Joseph Parker represents a strange anomaly within a professional boxing culture wherein bluster and bombast has descended to somewhere between the kerb and the gutter. Not from him the torrent of foul-mouthed braggadocio and abuse that has become the norm from the Versace and Gucci-clad denizens who now colonise the sport. Here instead is a quiet gentleman who prefers, as the well worn cliche has it, to do his own fighting in the ring.

Under the tutelage of another gentleman of the game — coach and former world champion himself, Andy Lee — Parker has been reborn to the point of now starting to fulfil the potential he was labelled with when he first came on the international scene from his native New Zealand back in 2017. Since losing by KO to England’s Joe Joyce in 2022, he has now fought five times in an undefeated run that is as impressive as his level of activity. Basing himself in Morecambe, Lancashire at Tyson Fury’s gym, the 32-year-old is living proof that in boxing, as in life, redemption is a sweet thing indeed.

The main event in Riyadh pitched the enigma that is Anthony Joshua against a literal man mountain in the personage of Camaroon’s Francis Ngannou, who in his first ever foray into the squared circle last October against the above-mentioned Fury, did enough to win in the eyes of many.

That fight also took place in Riyadh and back again he came to prove to a boxing fraternity which views the MMA octagon, where Ngannou made his bones, as tantamount to the child of a lesser god. The key question where he was concerned was if his success against Tyson Fury in October was the product of luck, Fury taking him too lightly, or his preternatural boxing skills and ability.

For Britain’s AJ, fighting Ngannou was the very definition of a lose-lose proposition. As a veteran top-flight heavyweight and former Olympic champion, losing to a rank novice carried with it the guarantee of severe reputational harm. It was therefore to the giant Londoner’s credit that he’d opted to take on this particular challenge, having previously despatched Otto Wallin in the kingdom at the same event last October where Fury almost came unstuck against the big Cameroonian.

This was AJ’s second outing under coach Ben Davison and it proved his best. He didn’t just defeat Ngannou, he rolled over him with ease. Two rounds is all it took before, having already dropped his opponent twice, AJ instantly put him to sleep with a thunderous right hand.

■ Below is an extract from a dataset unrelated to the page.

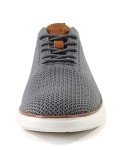 Vilocy Men's Grey Casual Dress Sneakers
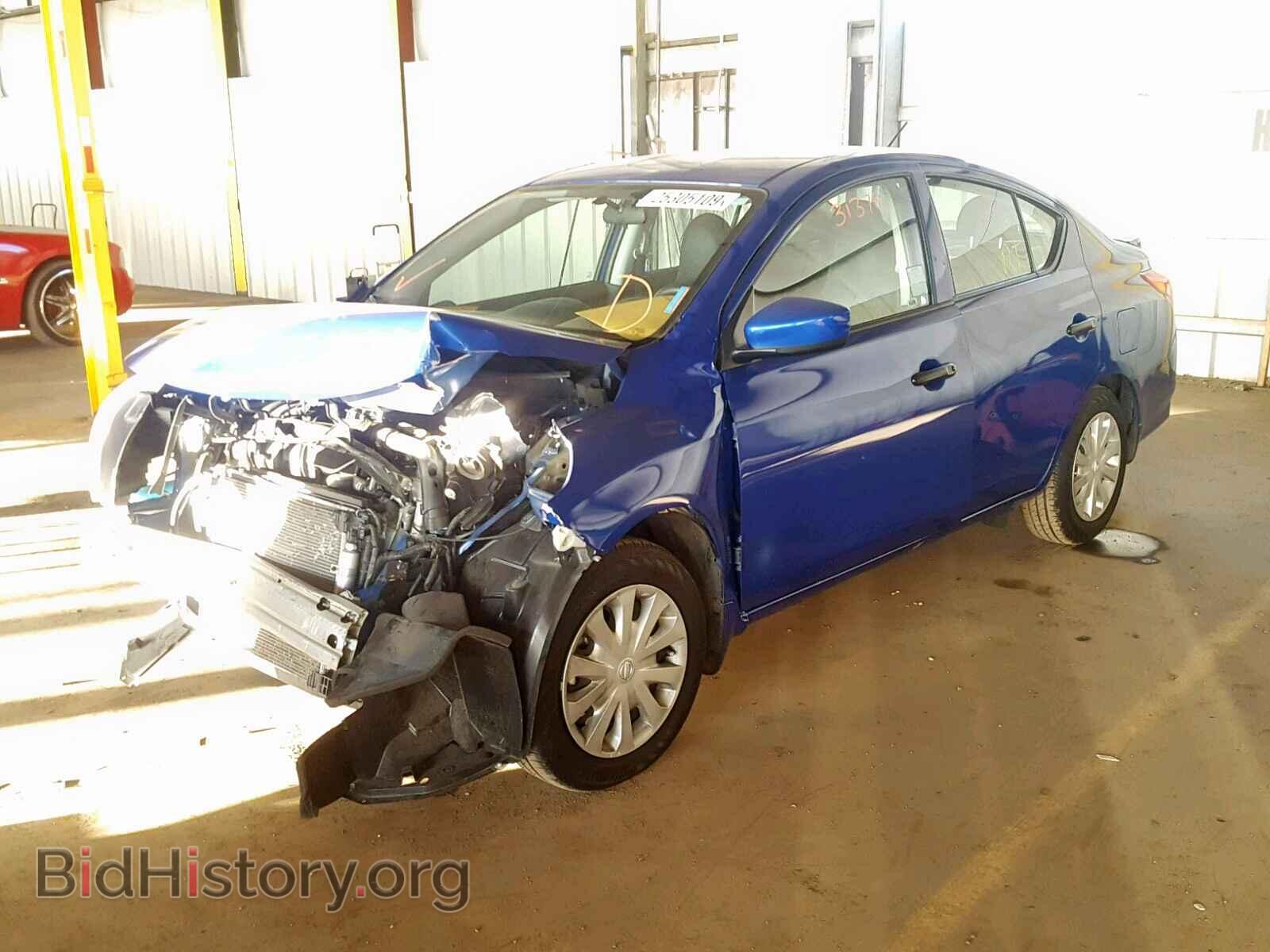 2017 NISSAN VERSA - VIN: 3N1CN7AP8HL861950 - Фото 2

Having gone through a prolonged period of fighting like a man cowering behind his own couch, Anthony Joshua is once again riding high. The link-up with Davison has paid off when it comes to getting his fighting mojo back, and once again the boxing public is tantalised at the prospect of a high noon showdown between Joshua and arch rival Tyson Fury for the keys to the boxing kingdom.

This being said, Francis Ngannou learned the painful lesson that you can’t just take up boxing and start at the top level. It wasn’t only that Joshua came at him like man on a mission, it was also that the Cameroonian is a rank novice in a game in which to be such and step out of line is to invite your own demise. MMA and boxing are two entirely different sports. The punch mechanics, feet placement, and hand positioning belong on different planets. With this in mind, surely now it is time for these crossover fights to end before somebody gets seriously hurt.

Of the many former champions drawn over to Riyadh for the event, Mike Tyson stirred the controversy pot with the announcement that he’d agreed to face the by now tiresome YouTuber Jake Paul later this year in Dallas, Texas.

Tyson has reinvented himself from the Iron Mike human wrecking ball of old into an ambassador for the supposed virtues of cannabis. However this writer detected no intoxication in his eyes or in his voice when discussing his future clash with a much younger man in Paul, who is now so delusional he needs urgent help.

Money talks, of course it does, but when it comes to the supposed noble art ruination beckons on its current trajectory of unbridled greed and opportunism. You can only shear a sheep so much until it starts to bleed. And when it comes to the sport of boxing, this point has never been closer to being reached with respect to fleecing the fans.